PIED NOIR MON AMI
En 35 ans de vie
professionnelle, j'ai travaillé avec vous, milité avec vous, partagé quelques
succès et quelques épreuves, communié aux mêmes valeurs, au même humanisme
j'ai bu
à la coupe de ce bonheur de vivre en France, de s' étonner de ses richesses, de
se pénétrer des mêmes émotions, au point que j' avais fini par oublier que j'étais
né sur une autre rive, de parents venus d' ailleurs et de grands-parents à l'
accent impossible d' une île de la Méditerranée.
Je m'étais cru Français comme
vous et j'avais cru achever ce travail de deuil commun à tous les exilés du
monde. Et puis, depuis quelques mois, des maisons d'édition ont fait pleuvoir
témoignages et réflexions sur la guerre d'Algérie. Les chaînes de télévision et
les radios ont commenté les ouvrages et refait l'Histoire de 134 ans de
présence française en Algérie.
Avec une étonnante
convergence de vues, la plupart ont révélé, sur cette période, une vision
singulièrement sinistre. J'ai revu l'histoire de ma patrie, l'Algérie
Française, travestie ou défigurée en quelques propositions caricaturales :
La présence de la France en Algérie
fut de tout temps illégitime - Les Français d'Algérie ont exploité les Arabes et ont volé leurs
terre - Les soldats français ont torturé des patriotes qui libéraient leur pays - Certains Français ont eu raison d'aider
les fellaghas à combattre l'armée française et s'enorgueillir aujourd'hui d'avoir contribué à la libération de
l'Algérie."
Alors, j'ai compris que
personne ne pouvait comprendre un pays et un peuple s'il n'avait d'abord appris
à l'aimer... et vous n'avez jamais aimé "notre Algérie" !

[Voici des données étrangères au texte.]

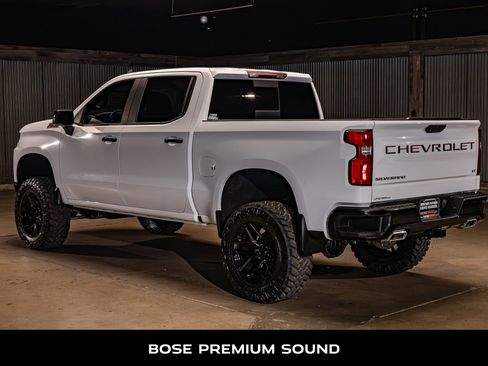 Used 2021 Chevrolet Silverado 1500 LT Trail Boss w/ Convenience Package II AWD/4WD image 7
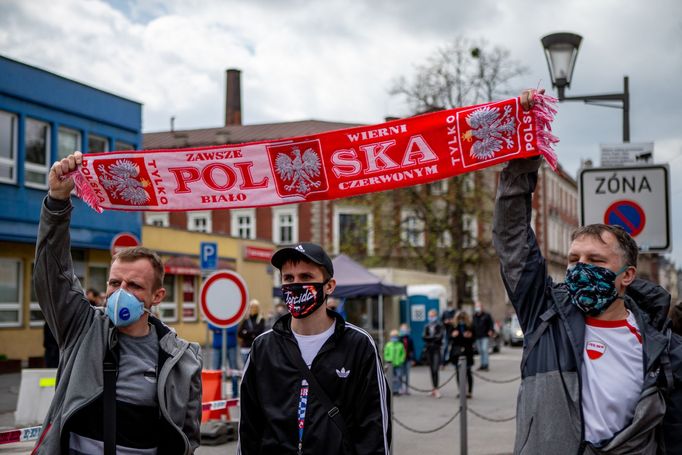 Lidé v Českém Těšíně i sousedním polském Těšíně protestovali proti uzavřené hranici, která rozdělila mnohé rodiny a řadě lidí znemožnila dojíždění za prací.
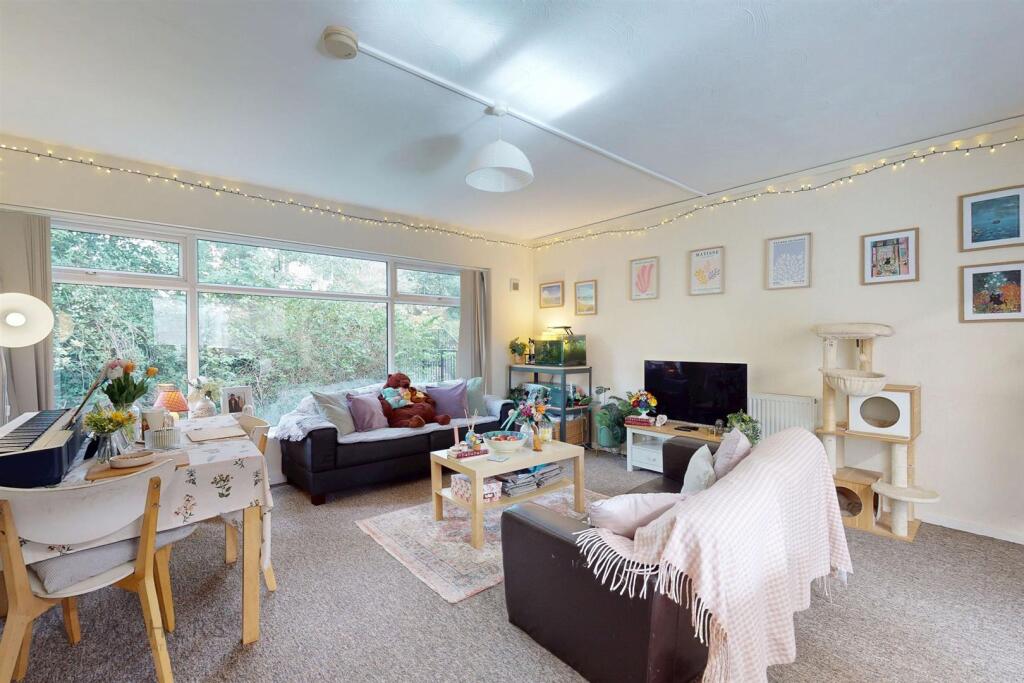 Apartment in Sheffield - View 2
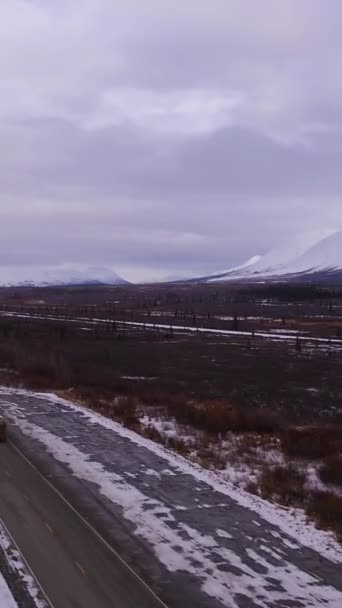 Camión Combustible Los Parques Highway Montañas Cubiertas Nieve Día Nublado — Vídeos de Stock
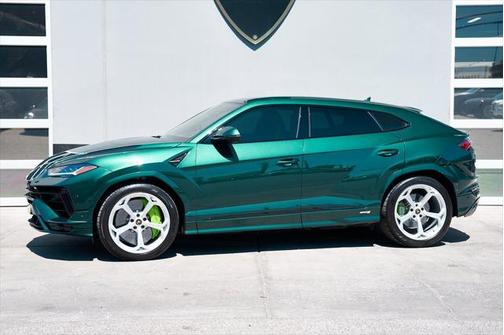 2024 Lamborghini Urus S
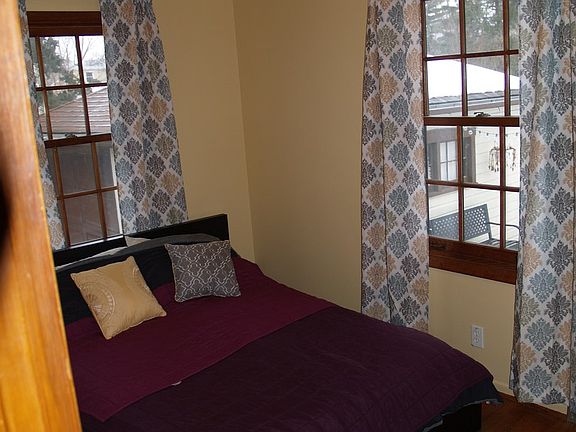 5th image of 147 Bagley St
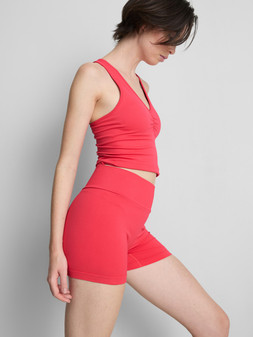 PRIMARK SCRUNCH SHORT CORAL £9 €10 $14 RON50 PLN43 CZK260 (2)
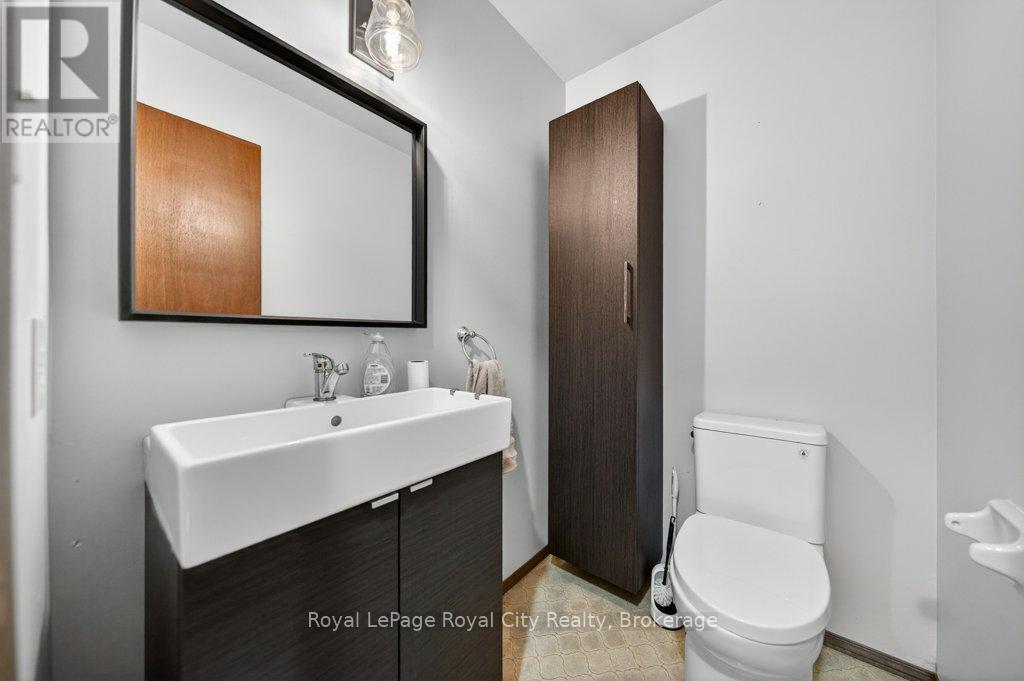 16 Mcelderry Road, Guelph, Ontario N1G 4K3 - Photo 14 - X13158962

Alors, j'ai compris pourquoi
vous changiez de conversation quand j'affirmais mon origine "pied
noir" ; j'ai compris que l'exode arménien ou l’exode
juif vous avait touchés mais que notre exil vous avait laissés indifférents.
J'ai compris pourquoi les maquisards qui se battaient pour libérer la France
envahie étaient des héros, mais pourquoi des officiers qui refusaient
d'abandonner ce morceau de France et les Arabes entraînés à nos côtés, étaient
traités de putschistes. J'ai compris pourquoi des mots comme "colon"
avaient été vidés de leur noblesse et pourquoi, dans votre esprit et dans votre
langage, la colonisation avait laissé place au colonialisme.
Même des Français de France
comme vous, tués au combat, n'ont pas eu droit, dans la mémoire collective, à
la même évocation que les Poilus ou les Résistants, parce qu'ils furent engagés
dans une "sale guerre" ! Sans doute, même si leur sacrifice fut aussi
noble et digne de mémoire, est-il plus facile de célébrer des héros vainqueurs
que des soldats morts pour rien
Dans un manichéisme
grotesque, tout ce qui avait contribué à défendre la France était héroïque ;
tout ce qui avait contribué à conserver et à défendre notre pays pour continuer
à y vivre, était criminel. Vérité en deçà de la Méditerranée ; erreur au-delà
!"
Vous si prolixes pour
dénoncer les tortures et les exactions de l’armée
française au cours des dix dernières années, vous êtes devenus amnésiques sur
les massacres et les tortures infligés par les fellaghas à nos compatriotes
européens et musulmans au point de vouloir faire défiler des troupes
algériennes le 14 juillet 2012. Vous ne trouvez rien à dire sur l'œuvre
française en Algérie pendant 130 ans. Pas un livre, pas une émission de
télévision ou de radio, rien ! Les fictions même s'affligent des
mêmes clichés de Français arrogants et de Musulmans opprimés.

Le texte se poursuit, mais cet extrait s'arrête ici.